Record excerpts —
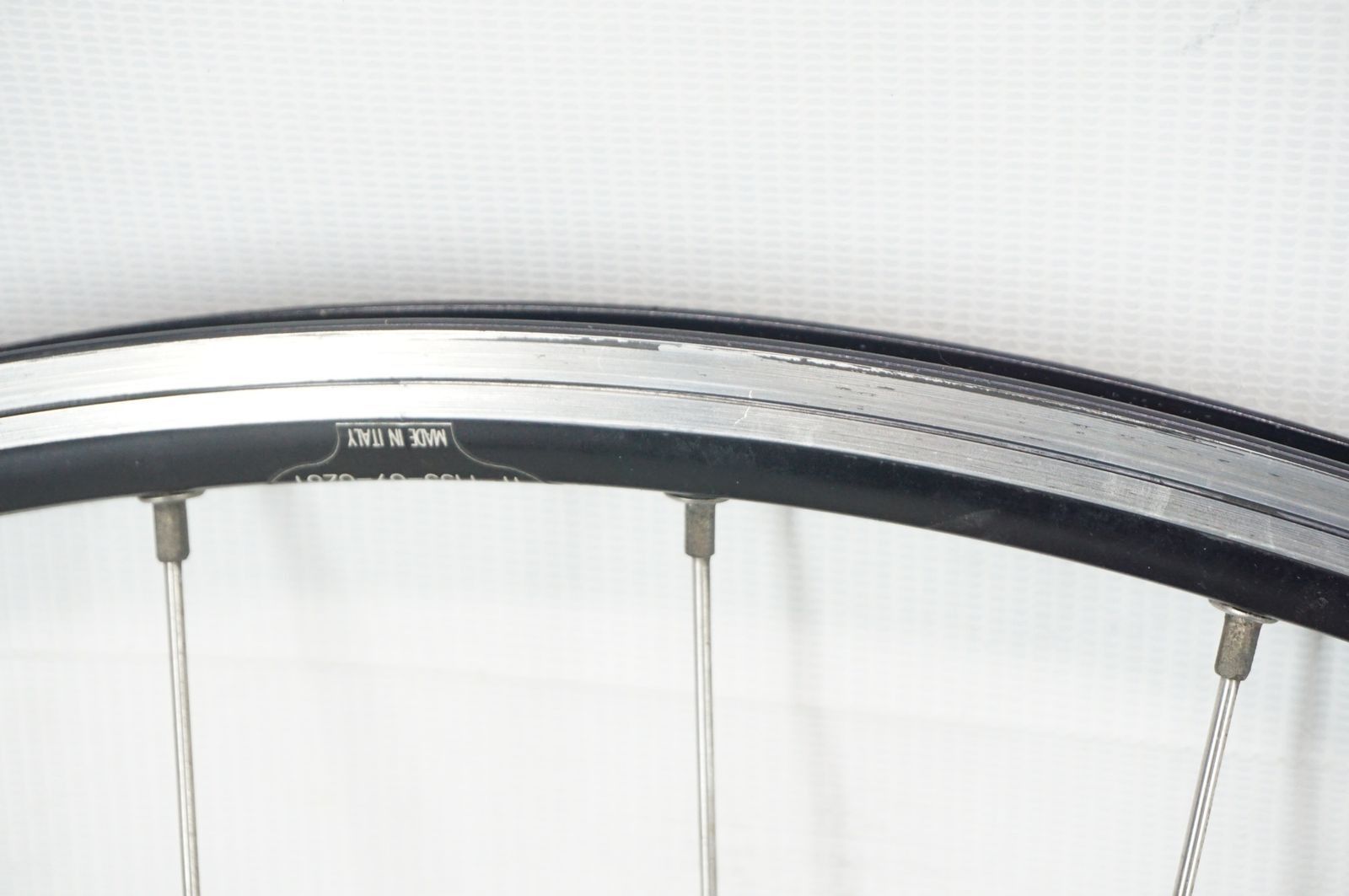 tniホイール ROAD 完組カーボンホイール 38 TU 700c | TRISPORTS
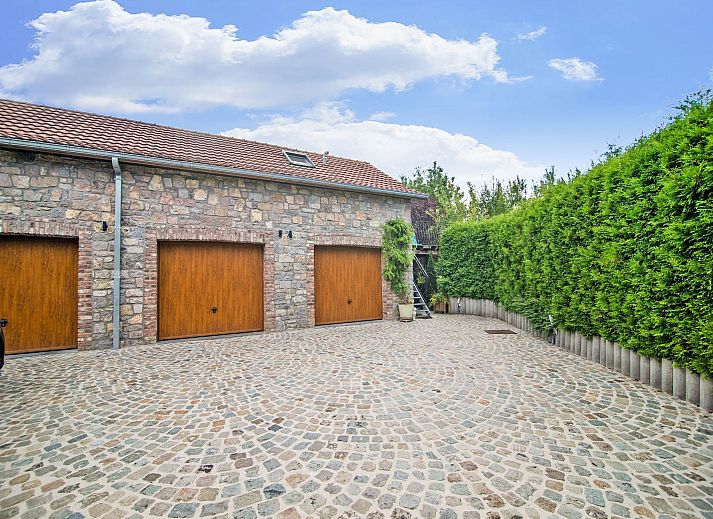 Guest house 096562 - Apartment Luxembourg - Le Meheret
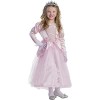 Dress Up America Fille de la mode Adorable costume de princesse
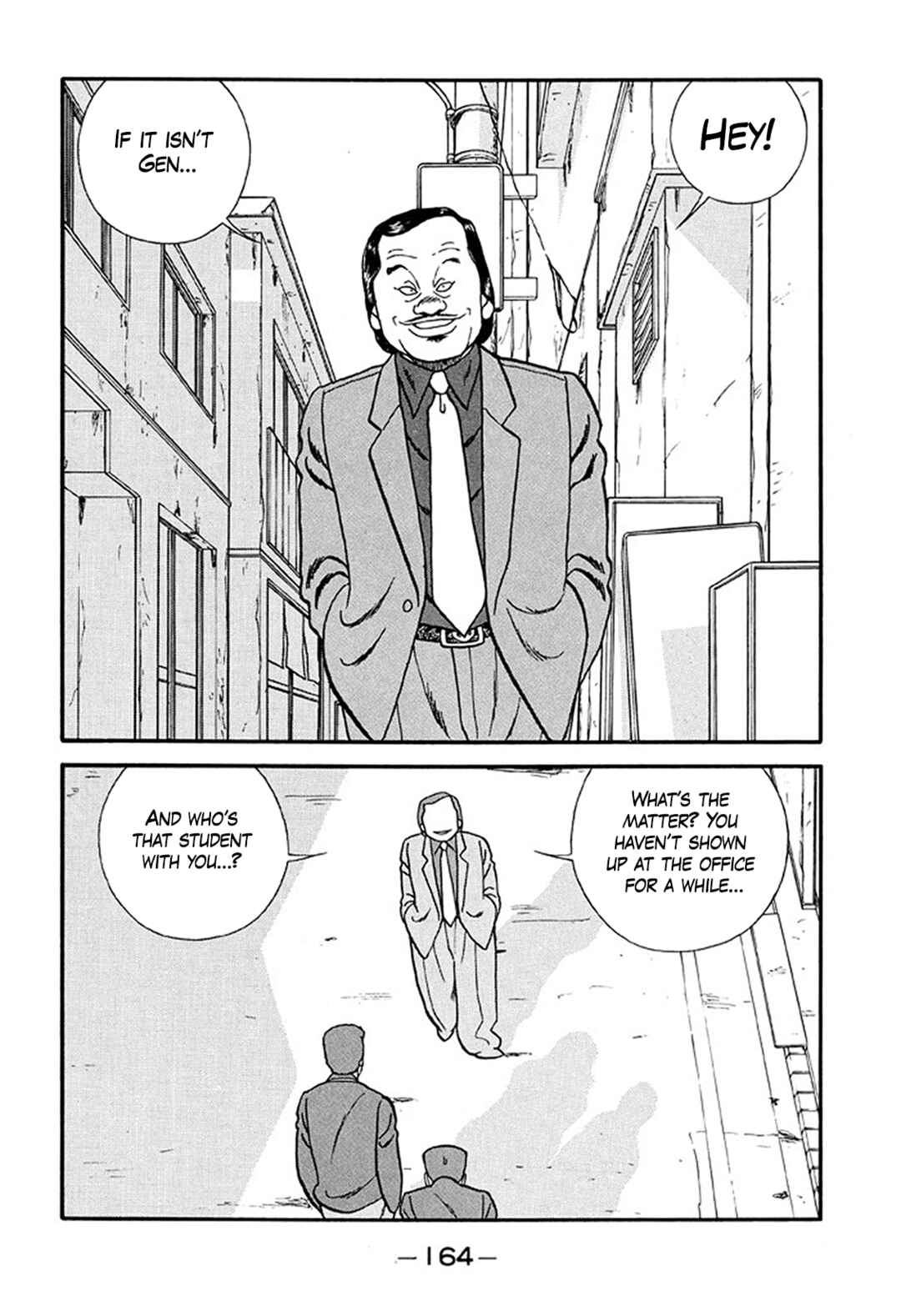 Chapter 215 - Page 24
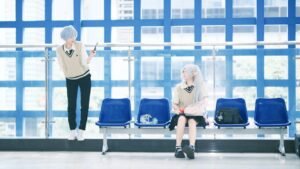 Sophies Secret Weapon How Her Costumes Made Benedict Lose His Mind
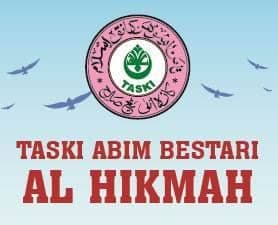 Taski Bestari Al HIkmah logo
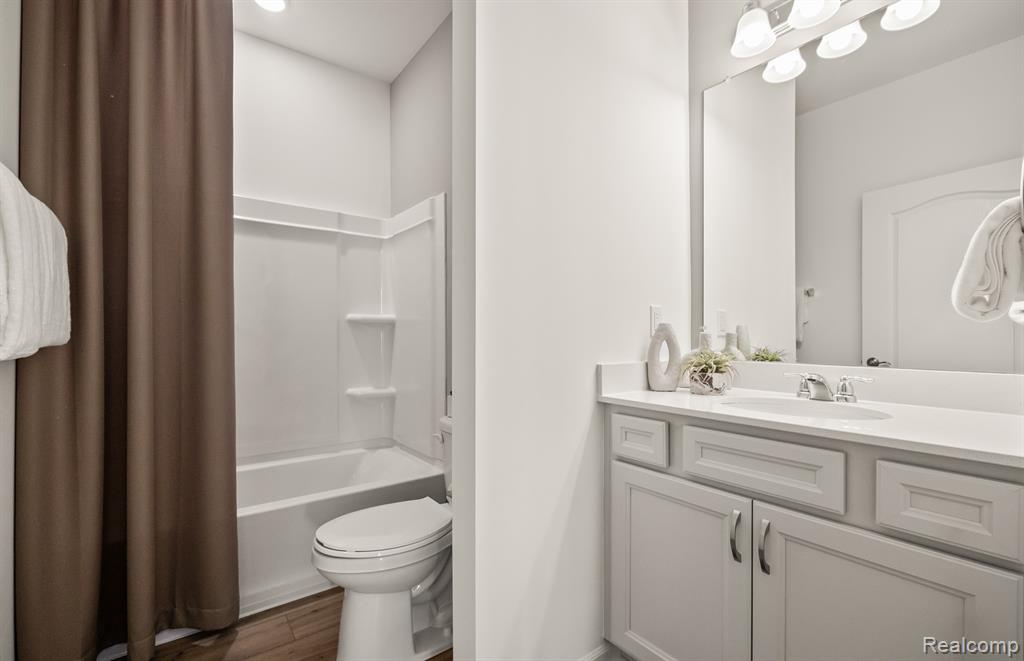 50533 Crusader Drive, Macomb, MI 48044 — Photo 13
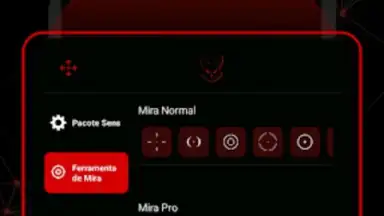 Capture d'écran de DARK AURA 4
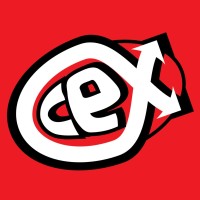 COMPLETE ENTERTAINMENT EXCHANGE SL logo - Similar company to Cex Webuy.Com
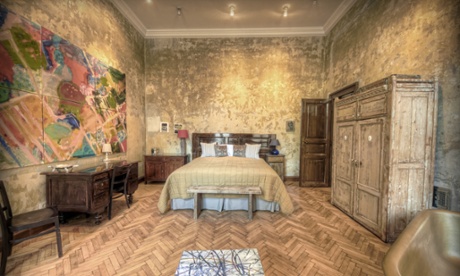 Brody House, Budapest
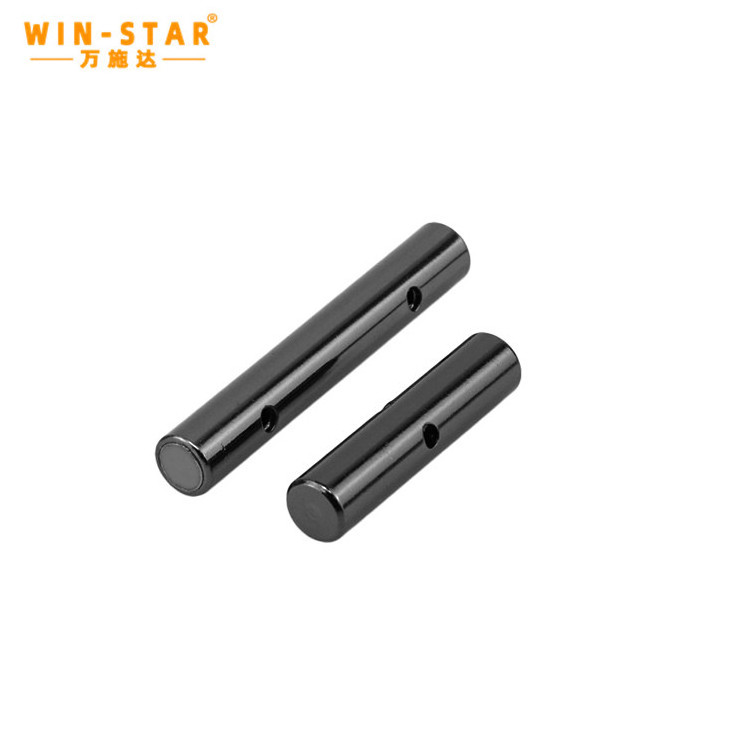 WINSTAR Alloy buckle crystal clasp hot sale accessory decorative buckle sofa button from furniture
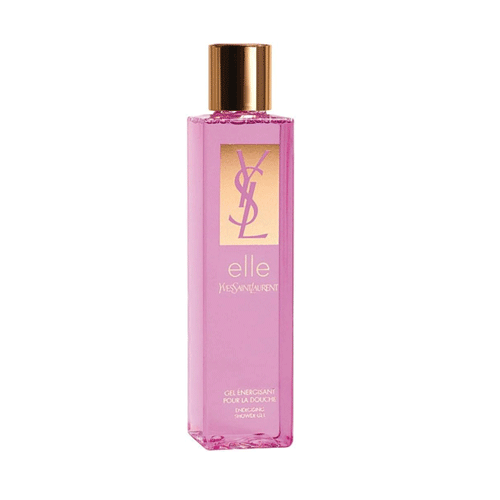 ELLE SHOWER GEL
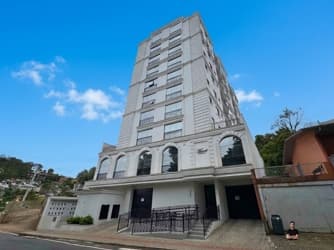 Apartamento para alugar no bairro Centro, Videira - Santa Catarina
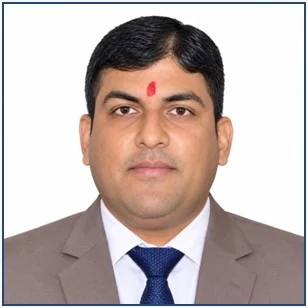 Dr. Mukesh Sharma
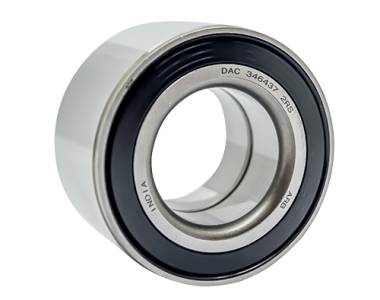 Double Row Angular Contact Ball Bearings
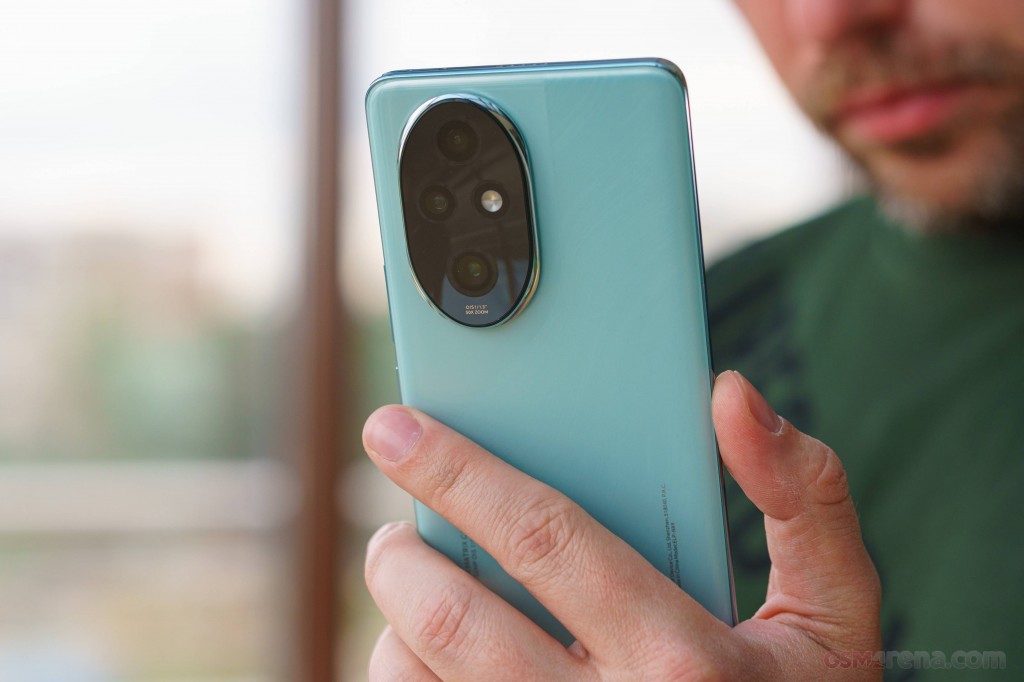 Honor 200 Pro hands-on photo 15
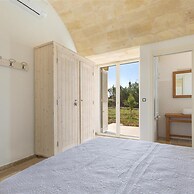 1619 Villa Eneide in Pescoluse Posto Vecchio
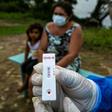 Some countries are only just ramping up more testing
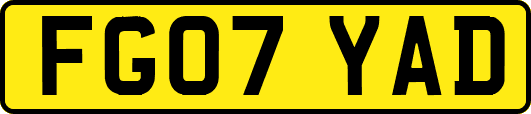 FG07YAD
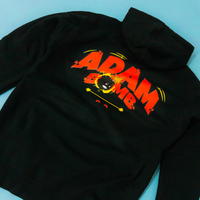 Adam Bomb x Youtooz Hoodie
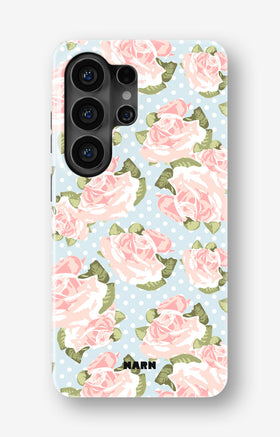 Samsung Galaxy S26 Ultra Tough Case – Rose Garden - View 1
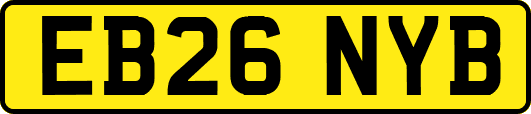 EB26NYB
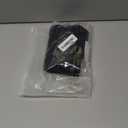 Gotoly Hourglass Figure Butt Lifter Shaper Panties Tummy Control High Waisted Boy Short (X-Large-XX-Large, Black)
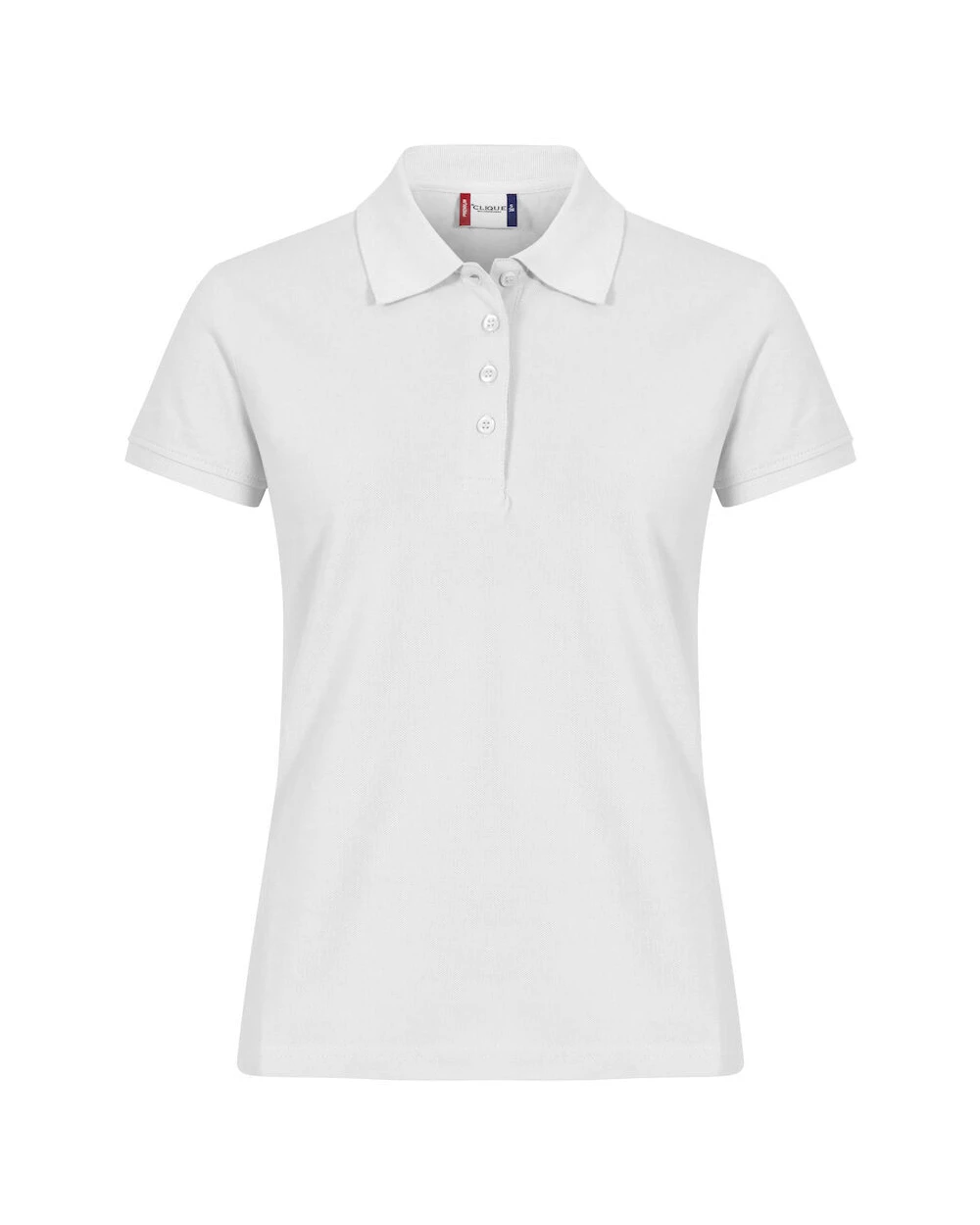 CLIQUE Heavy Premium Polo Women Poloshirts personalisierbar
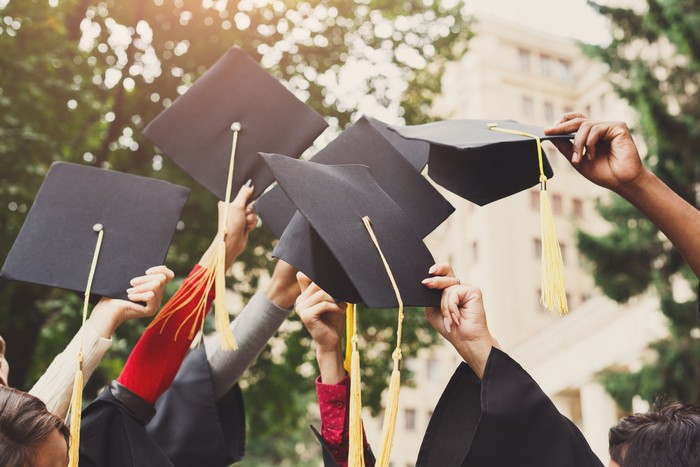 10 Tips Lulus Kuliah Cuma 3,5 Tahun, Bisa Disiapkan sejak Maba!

Your instructions — Return, exactly as they appear, the lines from the line containing "1619 Villa Eneide in Pescoluse Posto Vecchio" through the end of the records above, both ends included, without pictures.

Solution for this exercise —
 1619 Villa Eneide in Pescoluse Posto Vecchio
 Some countries are only just ramping up more testing
 FG07YAD
 Adam Bomb x Youtooz Hoodie
 Samsung Galaxy S26 Ultra Tough Case – Rose Garden - View 1
 EB26NYB
 Gotoly Hourglass Figure Butt Lifter Shaper Panties Tummy Control High Waisted Boy Short (X-Large-XX-Large, Black)
 CLIQUE Heavy Premium Polo Women Poloshirts personalisierbar
 10 Tips Lulus Kuliah Cuma 3,5 Tahun, Bisa Disiapkan sejak Maba!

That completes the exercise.